▸ EXERCISE REQUIREMENTS:
Look through the data below for the line with "Bộ Áo Sơ Mi" and the line with "Ulla Johnson Womens", then output those two and all lines in between, exactly as written.

▸ DATA FOR ANALYSIS:
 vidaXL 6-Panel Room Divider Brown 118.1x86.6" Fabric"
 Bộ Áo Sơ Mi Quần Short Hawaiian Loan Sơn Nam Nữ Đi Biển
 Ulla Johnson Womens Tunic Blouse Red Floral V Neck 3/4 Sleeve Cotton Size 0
* * *
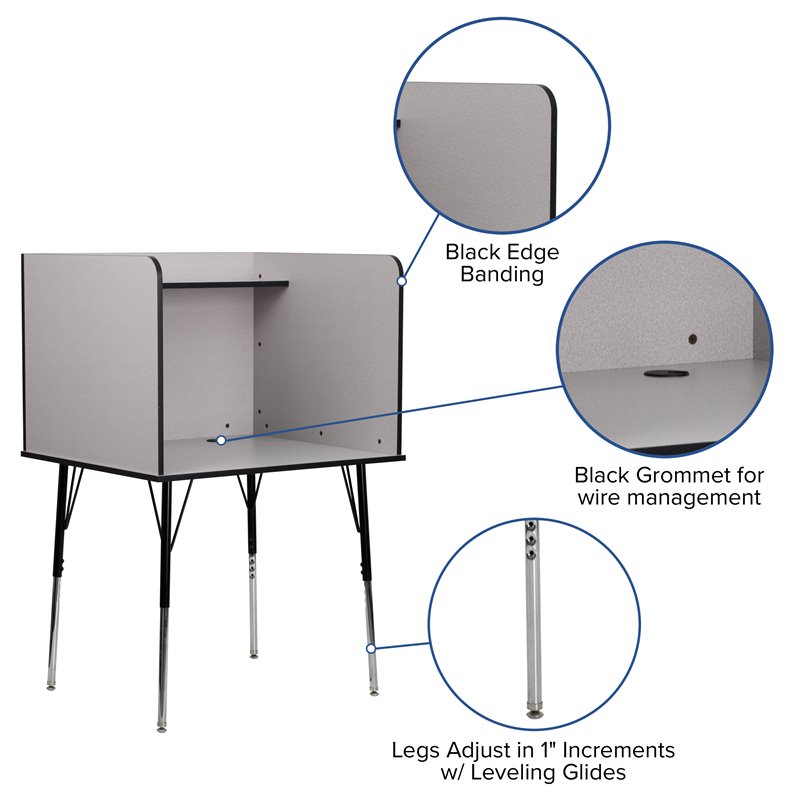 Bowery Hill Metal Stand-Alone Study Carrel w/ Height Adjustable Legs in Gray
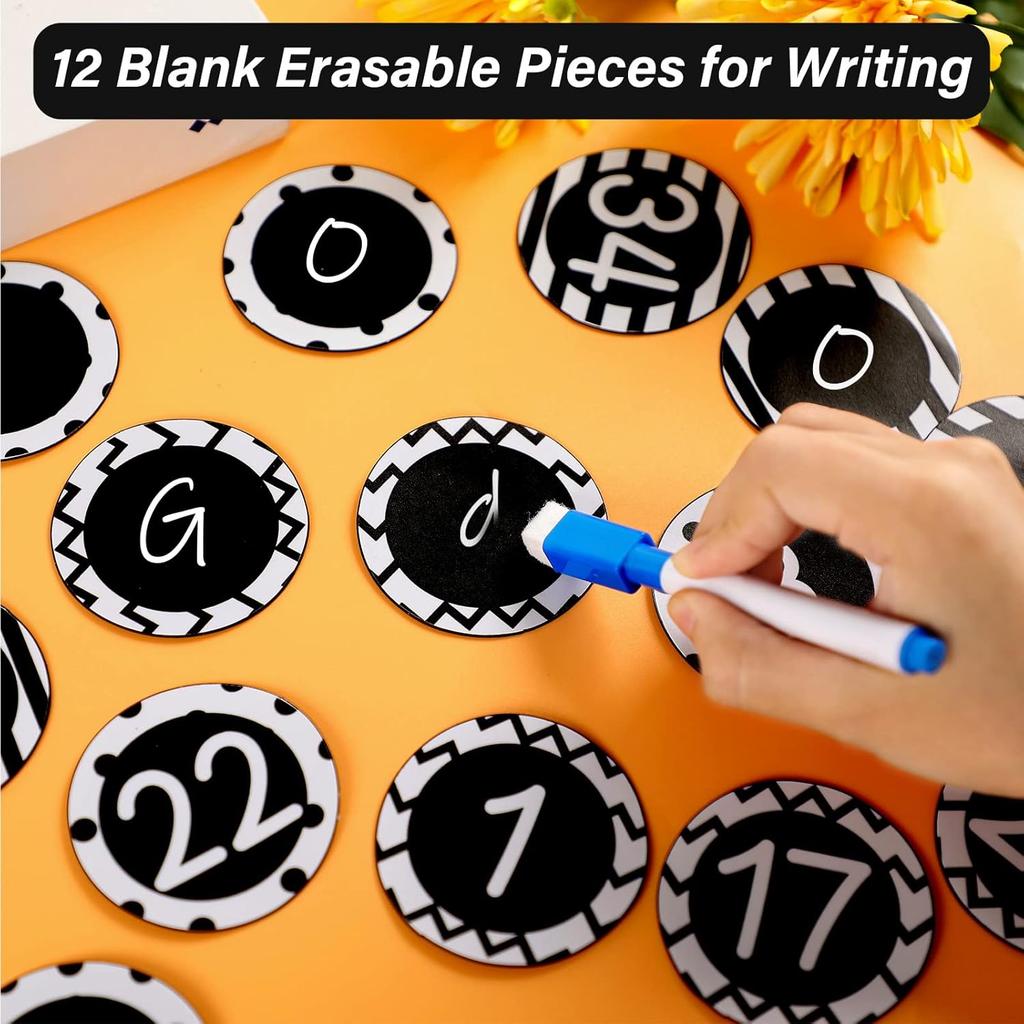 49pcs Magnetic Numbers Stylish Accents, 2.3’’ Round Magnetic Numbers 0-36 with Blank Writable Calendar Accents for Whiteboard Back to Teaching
---
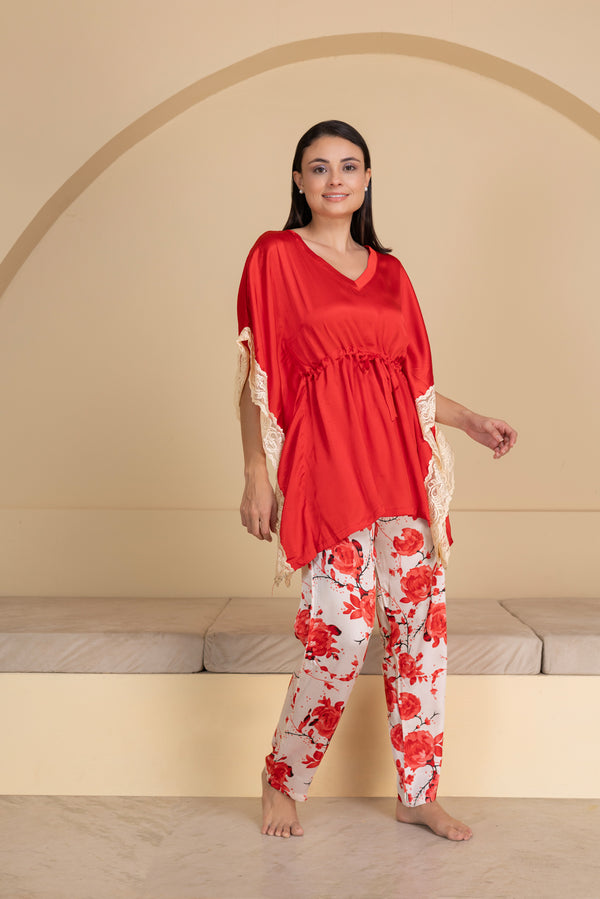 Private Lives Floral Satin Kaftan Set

▸ FINISHED EXERCISE:
 Bộ Áo Sơ Mi Quần Short Hawaiian Loan Sơn Nam Nữ Đi Biển
 Ulla Johnson Womens Tunic Blouse Red Floral V Neck 3/4 Sleeve Cotton Size 0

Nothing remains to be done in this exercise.